Requirement: Look in the listing below for the line that has "Enseigne de publicité", then return it and each following line up to and including the one with "A sleek and", exactly and without pictures.

Entries provided:
┄┄┄┄┄┄

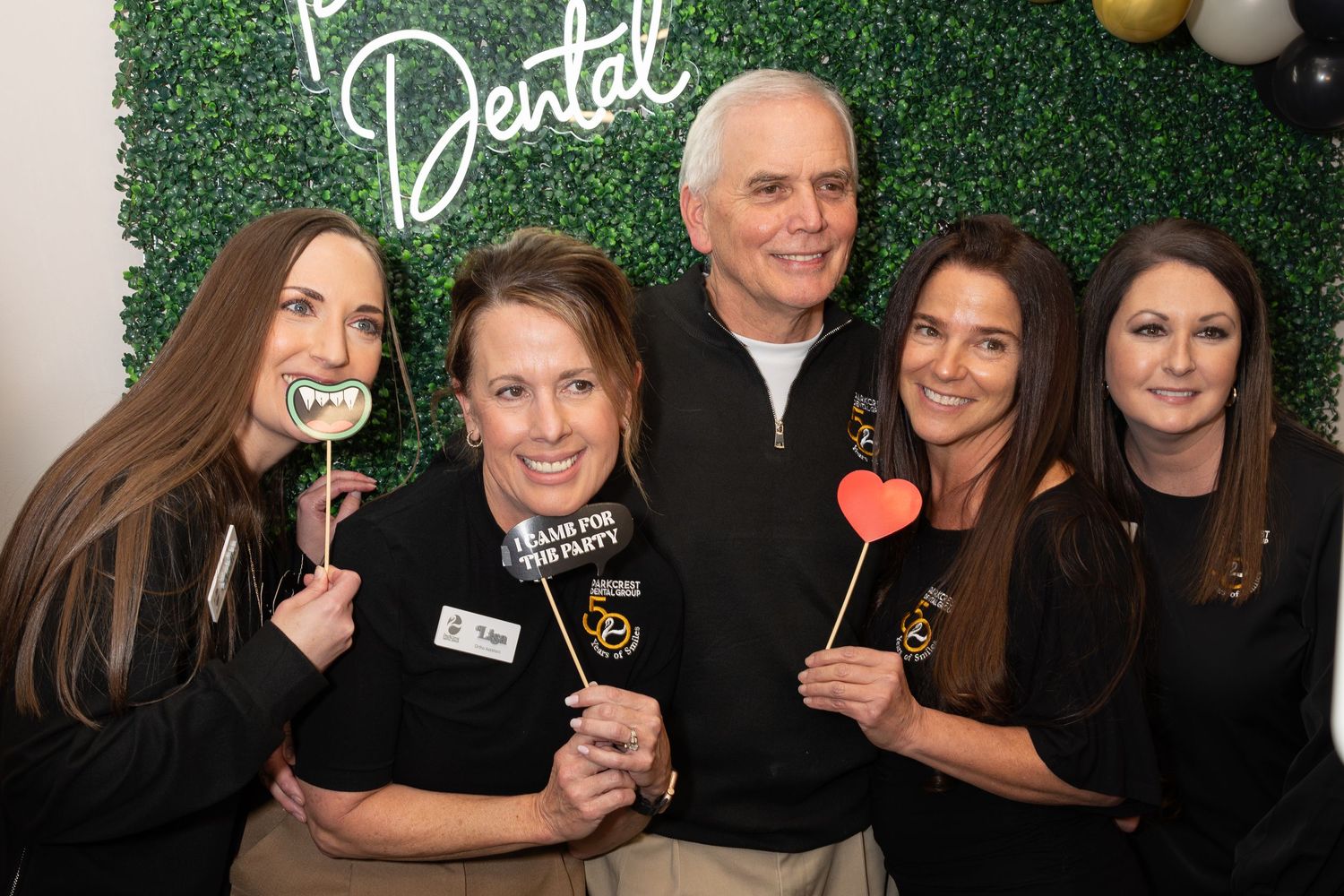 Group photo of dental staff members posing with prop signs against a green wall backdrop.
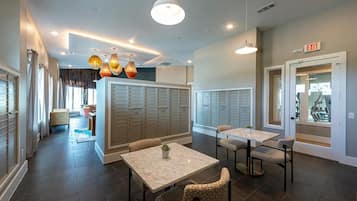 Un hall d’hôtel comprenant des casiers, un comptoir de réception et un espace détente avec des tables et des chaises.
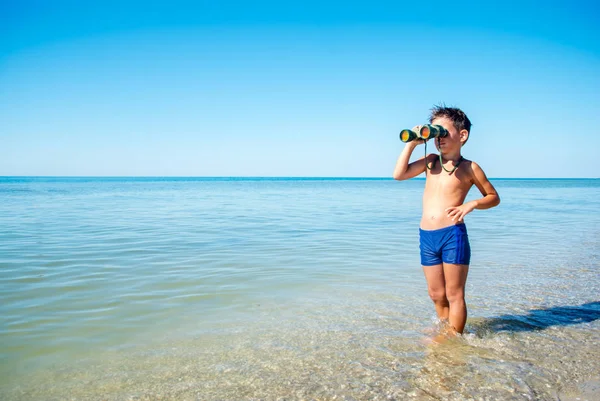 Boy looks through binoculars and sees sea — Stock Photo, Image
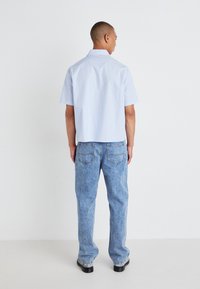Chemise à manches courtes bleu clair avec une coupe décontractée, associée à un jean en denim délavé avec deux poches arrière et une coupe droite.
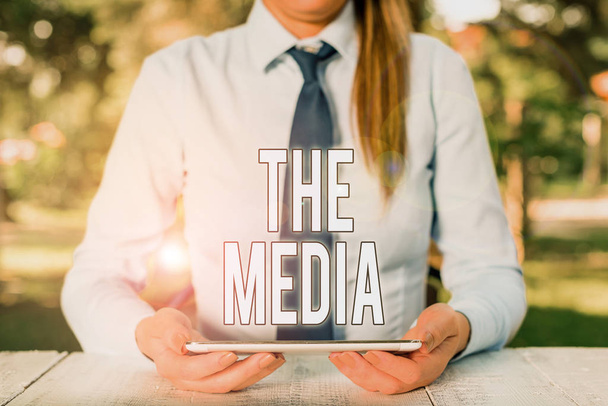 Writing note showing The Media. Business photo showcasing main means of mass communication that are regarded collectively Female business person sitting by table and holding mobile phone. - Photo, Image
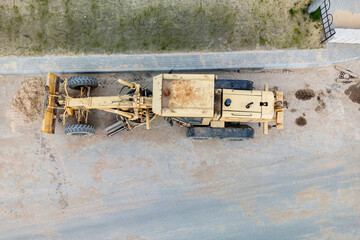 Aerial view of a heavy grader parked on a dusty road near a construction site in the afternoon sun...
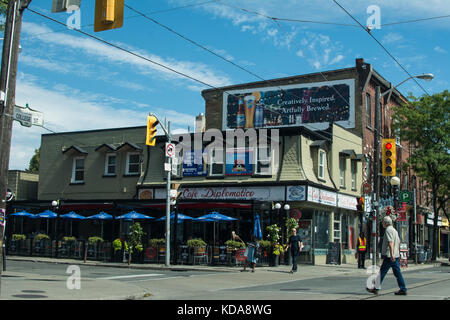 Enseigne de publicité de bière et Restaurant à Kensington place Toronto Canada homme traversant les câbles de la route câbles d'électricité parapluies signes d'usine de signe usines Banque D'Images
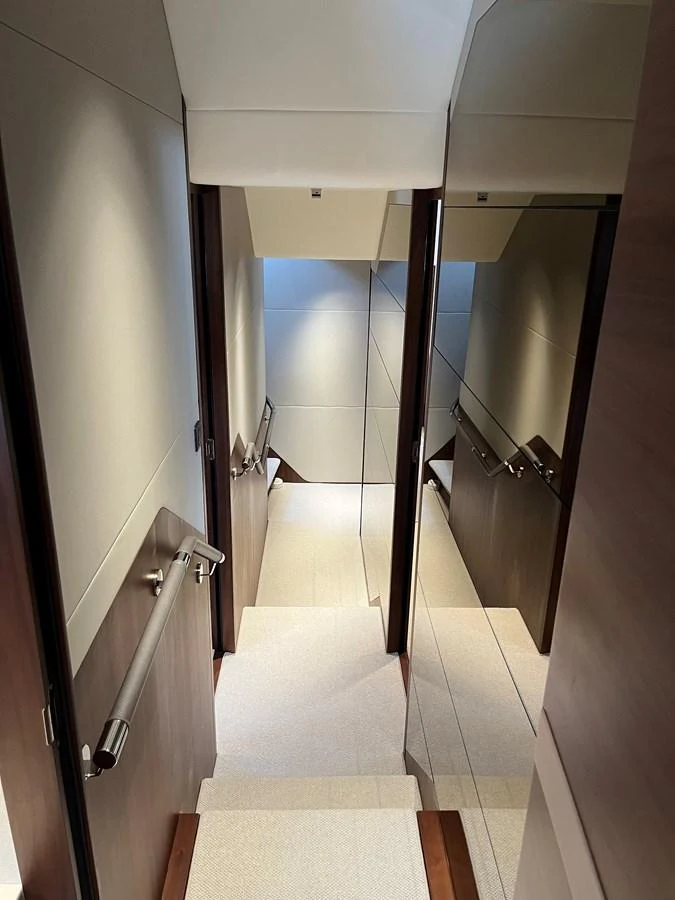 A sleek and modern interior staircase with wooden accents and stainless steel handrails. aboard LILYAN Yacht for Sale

┄┄┄┄┄┄

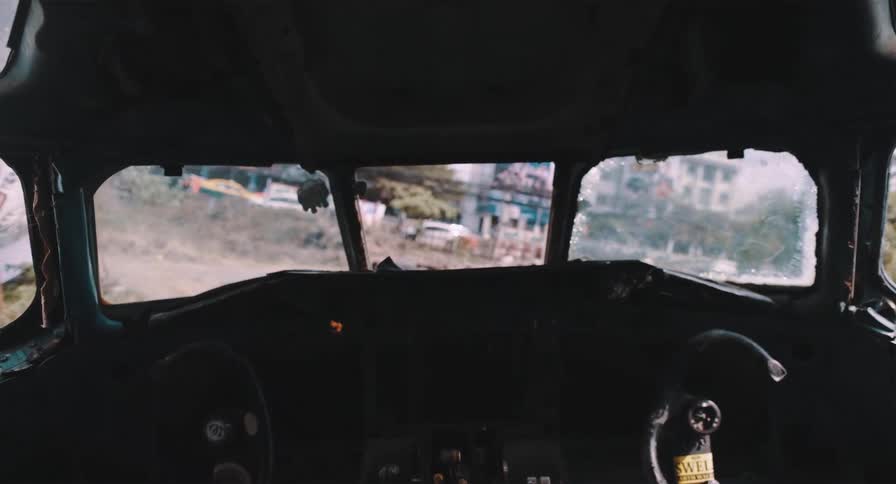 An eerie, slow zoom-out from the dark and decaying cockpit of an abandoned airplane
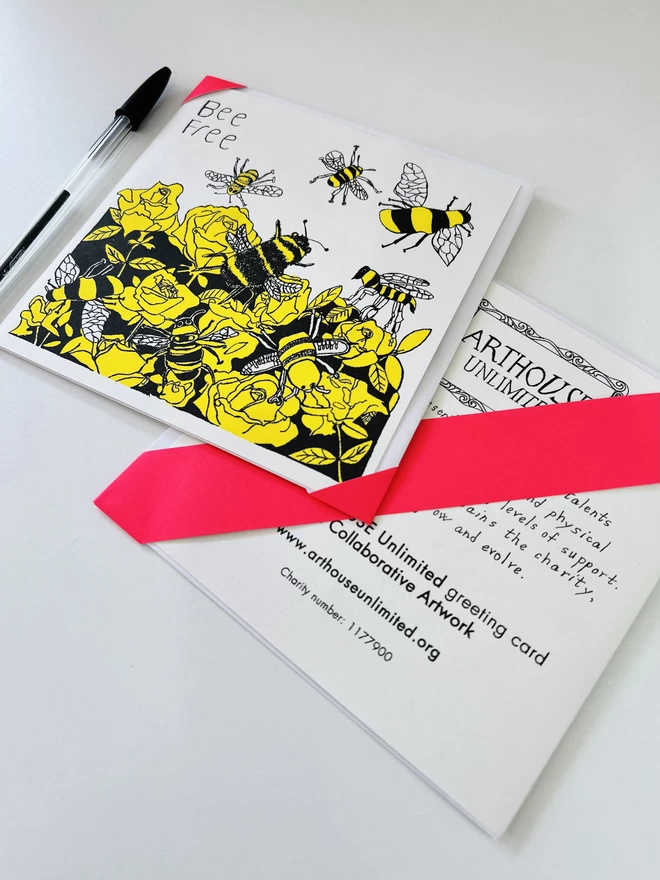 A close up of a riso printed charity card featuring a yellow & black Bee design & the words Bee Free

┄┄┄┄┄┄

Reply:
 Enseigne de publicité de bière et Restaurant à Kensington place Toronto Canada homme traversant les câbles de la route câbles d'électricité parapluies signes d'usine de signe usines Banque D'Images
 A sleek and modern interior staircase with wooden accents and stainless steel handrails. aboard LILYAN Yacht for Sale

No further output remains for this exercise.